File transporting service in Go — part 1

We’ve noticed a trend when building applications that integrate external systems as data sources: companies often have an existing solution for transferring data and it rarely involves HTTP. Data is transferred as XML or JSON files over SFTP, FTP or god forbid AS2. Creating a solution separately for each project got tiring after the second one, not to mention the horrible hacks that were implemented to monitor the upload folders and the security concerns of giving a third party SFTP access to a production server, even if it’s chrooted.

The idea of a generic service that takes in files via any number of transport protocols and forwards them over HTTP was born. It would act as a bridge between the external systems and our applications, so that our applications wouldn’t have to worry about anything other than processing data uploaded in a HTTP request and those external systems would only have access to the non-critical “bridge” server.

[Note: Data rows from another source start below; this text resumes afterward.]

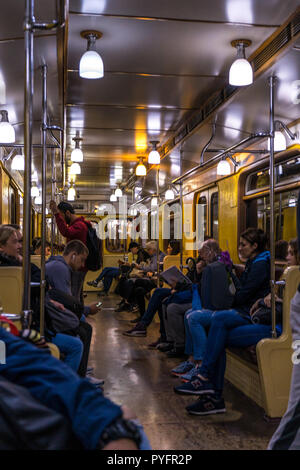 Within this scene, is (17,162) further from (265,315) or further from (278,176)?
(265,315)

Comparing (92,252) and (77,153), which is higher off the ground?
(77,153)

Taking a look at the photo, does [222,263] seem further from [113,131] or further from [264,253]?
[113,131]

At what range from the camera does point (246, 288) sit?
405cm

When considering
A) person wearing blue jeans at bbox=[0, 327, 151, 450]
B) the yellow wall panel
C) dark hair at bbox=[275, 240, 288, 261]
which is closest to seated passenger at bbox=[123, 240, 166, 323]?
the yellow wall panel

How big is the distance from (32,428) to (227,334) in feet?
9.86

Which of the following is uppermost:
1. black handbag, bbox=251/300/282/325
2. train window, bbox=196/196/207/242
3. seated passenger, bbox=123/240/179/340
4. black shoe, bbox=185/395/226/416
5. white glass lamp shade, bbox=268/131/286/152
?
white glass lamp shade, bbox=268/131/286/152

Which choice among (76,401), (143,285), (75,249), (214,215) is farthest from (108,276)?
(76,401)

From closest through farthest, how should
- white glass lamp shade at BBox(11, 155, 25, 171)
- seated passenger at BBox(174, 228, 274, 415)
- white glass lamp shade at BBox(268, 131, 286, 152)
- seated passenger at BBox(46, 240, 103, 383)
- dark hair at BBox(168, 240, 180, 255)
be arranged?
seated passenger at BBox(174, 228, 274, 415)
seated passenger at BBox(46, 240, 103, 383)
white glass lamp shade at BBox(268, 131, 286, 152)
white glass lamp shade at BBox(11, 155, 25, 171)
dark hair at BBox(168, 240, 180, 255)

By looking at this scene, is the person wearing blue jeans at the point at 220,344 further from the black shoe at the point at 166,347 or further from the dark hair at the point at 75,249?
the black shoe at the point at 166,347

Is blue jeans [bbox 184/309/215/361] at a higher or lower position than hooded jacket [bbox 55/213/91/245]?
lower

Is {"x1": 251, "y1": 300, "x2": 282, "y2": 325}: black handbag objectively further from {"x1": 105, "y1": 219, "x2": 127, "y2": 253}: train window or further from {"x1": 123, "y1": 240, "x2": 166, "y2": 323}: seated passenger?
{"x1": 105, "y1": 219, "x2": 127, "y2": 253}: train window

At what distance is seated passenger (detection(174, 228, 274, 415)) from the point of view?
3598 millimetres

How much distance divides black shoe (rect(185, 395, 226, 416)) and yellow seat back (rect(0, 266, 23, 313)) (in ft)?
4.84

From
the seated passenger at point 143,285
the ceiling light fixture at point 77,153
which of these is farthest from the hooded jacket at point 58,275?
the seated passenger at point 143,285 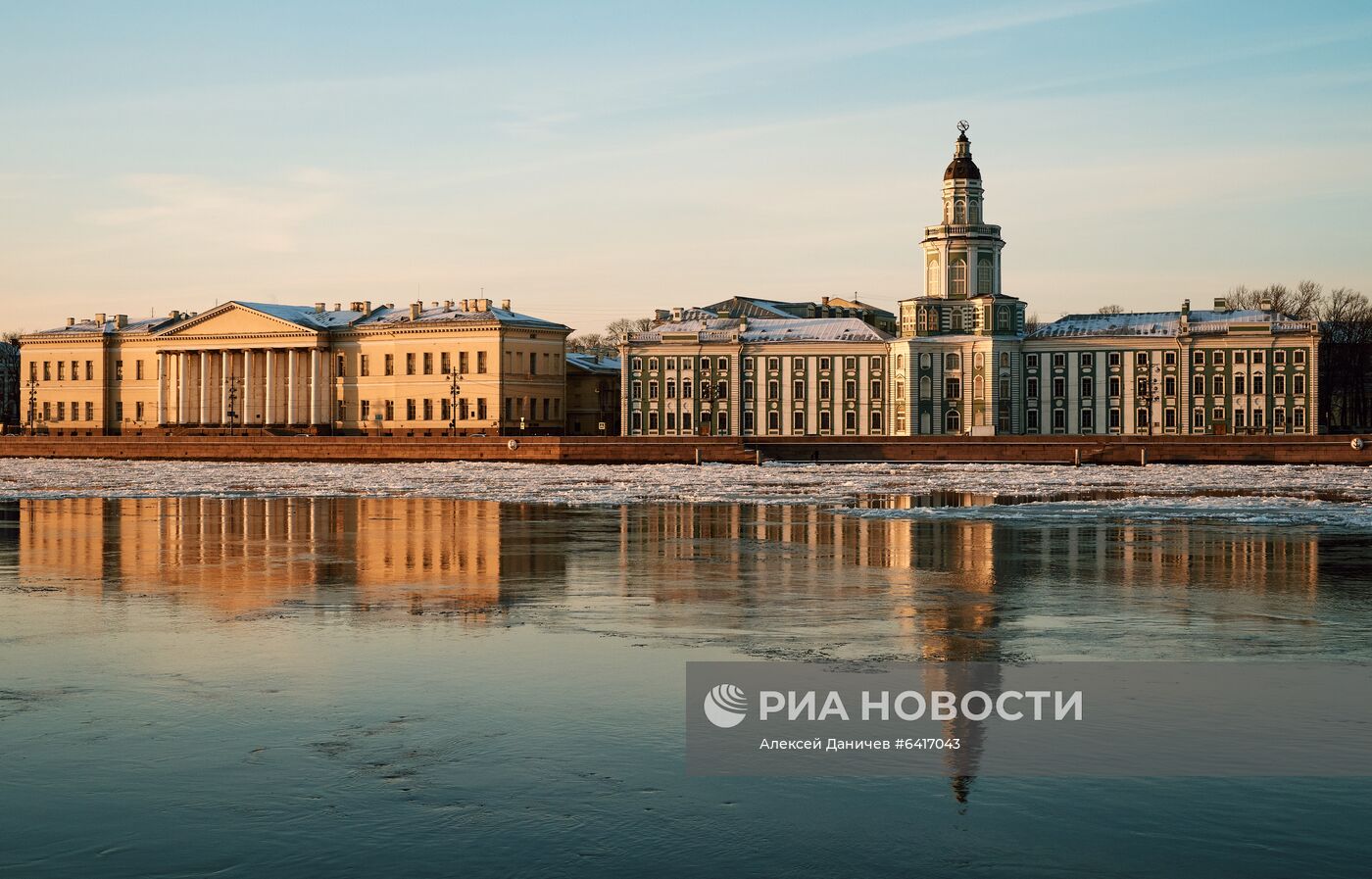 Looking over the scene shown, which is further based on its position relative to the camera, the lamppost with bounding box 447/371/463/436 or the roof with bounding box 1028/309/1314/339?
the lamppost with bounding box 447/371/463/436

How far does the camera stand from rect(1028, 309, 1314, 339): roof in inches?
3637

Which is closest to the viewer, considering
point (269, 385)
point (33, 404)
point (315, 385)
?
point (315, 385)

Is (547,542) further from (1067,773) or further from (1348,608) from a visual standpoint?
(1067,773)

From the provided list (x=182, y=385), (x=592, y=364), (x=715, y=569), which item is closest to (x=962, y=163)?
(x=592, y=364)

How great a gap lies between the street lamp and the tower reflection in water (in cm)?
8317

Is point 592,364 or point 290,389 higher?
point 592,364

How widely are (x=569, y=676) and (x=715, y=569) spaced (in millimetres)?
9376

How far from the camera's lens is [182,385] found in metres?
111

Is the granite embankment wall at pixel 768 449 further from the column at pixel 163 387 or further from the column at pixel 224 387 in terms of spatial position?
the column at pixel 163 387

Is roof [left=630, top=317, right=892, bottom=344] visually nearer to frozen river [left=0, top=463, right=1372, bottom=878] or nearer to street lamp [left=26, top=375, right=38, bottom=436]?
street lamp [left=26, top=375, right=38, bottom=436]

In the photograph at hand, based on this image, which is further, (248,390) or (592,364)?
(592,364)

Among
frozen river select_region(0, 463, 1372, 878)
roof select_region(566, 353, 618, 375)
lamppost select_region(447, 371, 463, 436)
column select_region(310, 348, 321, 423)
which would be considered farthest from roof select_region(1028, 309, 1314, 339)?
frozen river select_region(0, 463, 1372, 878)

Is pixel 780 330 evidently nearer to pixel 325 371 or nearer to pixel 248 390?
pixel 325 371

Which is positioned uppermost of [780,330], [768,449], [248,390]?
[780,330] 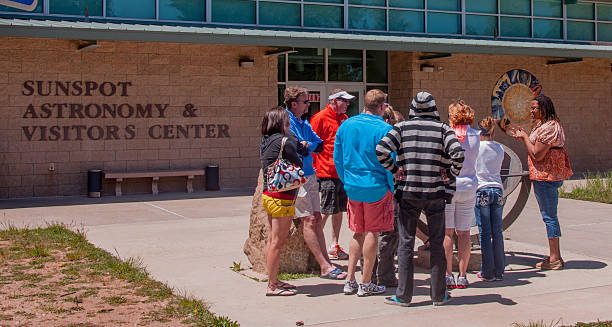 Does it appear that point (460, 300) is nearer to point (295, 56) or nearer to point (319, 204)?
point (319, 204)

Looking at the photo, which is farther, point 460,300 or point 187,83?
point 187,83

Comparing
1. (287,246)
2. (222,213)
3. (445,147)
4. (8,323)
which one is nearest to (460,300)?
(445,147)

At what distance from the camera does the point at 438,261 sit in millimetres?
6395

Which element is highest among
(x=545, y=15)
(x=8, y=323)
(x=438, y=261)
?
(x=545, y=15)

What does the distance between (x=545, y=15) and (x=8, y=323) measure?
61.4ft

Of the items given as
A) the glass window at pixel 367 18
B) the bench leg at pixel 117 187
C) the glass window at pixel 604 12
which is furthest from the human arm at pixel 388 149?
the glass window at pixel 604 12

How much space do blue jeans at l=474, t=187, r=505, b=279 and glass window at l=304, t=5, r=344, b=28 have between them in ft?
37.2

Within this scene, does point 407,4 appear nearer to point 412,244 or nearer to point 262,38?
point 262,38

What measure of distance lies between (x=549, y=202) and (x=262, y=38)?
29.1 ft

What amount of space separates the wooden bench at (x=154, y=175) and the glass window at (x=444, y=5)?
308 inches

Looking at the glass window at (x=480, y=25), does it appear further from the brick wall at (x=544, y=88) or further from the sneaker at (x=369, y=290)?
the sneaker at (x=369, y=290)

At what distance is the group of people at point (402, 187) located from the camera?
6.32 meters

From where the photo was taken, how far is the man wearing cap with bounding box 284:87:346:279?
729cm

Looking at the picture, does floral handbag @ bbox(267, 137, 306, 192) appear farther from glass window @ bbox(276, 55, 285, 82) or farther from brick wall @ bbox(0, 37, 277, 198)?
glass window @ bbox(276, 55, 285, 82) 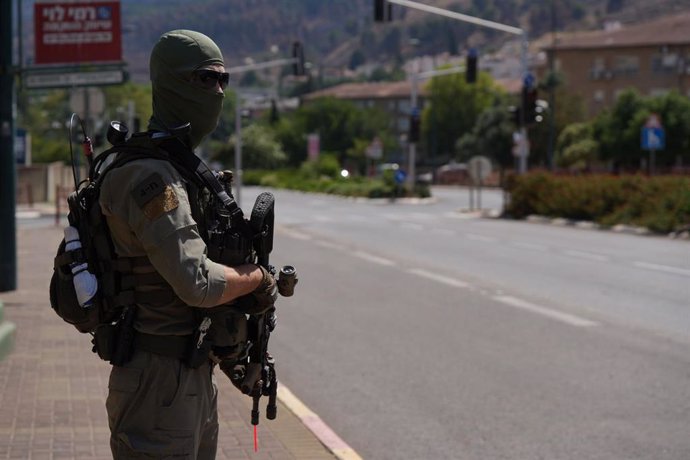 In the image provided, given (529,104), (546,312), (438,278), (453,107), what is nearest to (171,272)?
(546,312)

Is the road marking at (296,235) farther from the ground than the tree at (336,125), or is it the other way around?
the tree at (336,125)

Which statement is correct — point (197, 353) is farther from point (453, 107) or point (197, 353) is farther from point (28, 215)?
point (453, 107)

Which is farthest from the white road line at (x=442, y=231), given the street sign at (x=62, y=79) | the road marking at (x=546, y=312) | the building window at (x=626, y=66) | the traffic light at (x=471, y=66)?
the building window at (x=626, y=66)

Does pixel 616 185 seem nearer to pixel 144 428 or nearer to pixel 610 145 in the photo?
pixel 144 428

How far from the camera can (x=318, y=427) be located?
23.1 ft

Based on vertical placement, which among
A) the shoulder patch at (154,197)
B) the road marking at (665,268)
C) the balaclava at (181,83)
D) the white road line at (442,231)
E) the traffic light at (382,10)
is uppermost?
the traffic light at (382,10)

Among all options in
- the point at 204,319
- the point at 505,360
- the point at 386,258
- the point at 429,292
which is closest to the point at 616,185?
the point at 386,258

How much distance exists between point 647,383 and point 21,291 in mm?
8239

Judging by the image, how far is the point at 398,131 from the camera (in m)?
165

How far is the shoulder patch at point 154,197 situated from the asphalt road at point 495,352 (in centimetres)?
366

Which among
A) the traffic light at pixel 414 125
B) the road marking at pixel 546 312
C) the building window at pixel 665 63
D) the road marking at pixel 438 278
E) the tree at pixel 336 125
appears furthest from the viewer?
the tree at pixel 336 125

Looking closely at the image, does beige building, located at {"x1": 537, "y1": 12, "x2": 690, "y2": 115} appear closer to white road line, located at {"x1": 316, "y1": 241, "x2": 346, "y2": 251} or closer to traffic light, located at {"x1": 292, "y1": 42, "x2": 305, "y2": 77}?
traffic light, located at {"x1": 292, "y1": 42, "x2": 305, "y2": 77}

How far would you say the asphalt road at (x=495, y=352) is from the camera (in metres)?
7.13

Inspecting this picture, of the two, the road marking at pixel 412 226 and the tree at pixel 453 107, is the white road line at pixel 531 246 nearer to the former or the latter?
the road marking at pixel 412 226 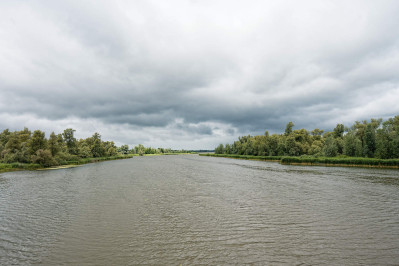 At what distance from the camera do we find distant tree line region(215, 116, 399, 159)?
88312 mm

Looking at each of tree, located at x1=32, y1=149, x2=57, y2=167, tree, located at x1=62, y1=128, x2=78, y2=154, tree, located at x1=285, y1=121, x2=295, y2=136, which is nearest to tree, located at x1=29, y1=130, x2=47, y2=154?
tree, located at x1=32, y1=149, x2=57, y2=167

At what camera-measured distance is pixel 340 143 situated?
11538cm

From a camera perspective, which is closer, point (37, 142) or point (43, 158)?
point (43, 158)

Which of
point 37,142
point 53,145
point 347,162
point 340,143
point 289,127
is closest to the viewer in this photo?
point 347,162

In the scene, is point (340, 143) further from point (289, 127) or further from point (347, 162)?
point (289, 127)

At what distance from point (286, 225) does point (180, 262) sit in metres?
10.1

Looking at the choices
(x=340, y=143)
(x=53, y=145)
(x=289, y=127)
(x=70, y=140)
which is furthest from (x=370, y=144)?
(x=70, y=140)

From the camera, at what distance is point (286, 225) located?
646 inches

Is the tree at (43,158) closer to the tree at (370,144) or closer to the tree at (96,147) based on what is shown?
the tree at (96,147)

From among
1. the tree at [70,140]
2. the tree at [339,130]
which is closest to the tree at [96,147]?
the tree at [70,140]

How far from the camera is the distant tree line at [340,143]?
88.3 meters

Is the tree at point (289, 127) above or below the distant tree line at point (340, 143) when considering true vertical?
above

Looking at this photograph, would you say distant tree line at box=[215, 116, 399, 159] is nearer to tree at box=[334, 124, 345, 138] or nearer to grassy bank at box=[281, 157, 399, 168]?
tree at box=[334, 124, 345, 138]

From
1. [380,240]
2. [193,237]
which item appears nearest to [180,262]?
[193,237]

All internal generic services should have a catchy name. Since the service transports files from other protocols to HTTP endpoints, it should be called Shuttle! 🚀

Choosing a language

The service should be robust. It should require little to no maintenance even if running over extended periods of time, be able to handle error conditions gracefully and have some type of compile time safety guarantees. Performance is not critical but it never hurts.
Due to the nature of the service, the language should have easy access to the file system and good libraries for things such as inotify. Concurrency should be easy to implement since files can be uploaded to the service concurrently and they should be forwarded concurrently, i.e. one large file shouldn’t block the transfer of ten small files.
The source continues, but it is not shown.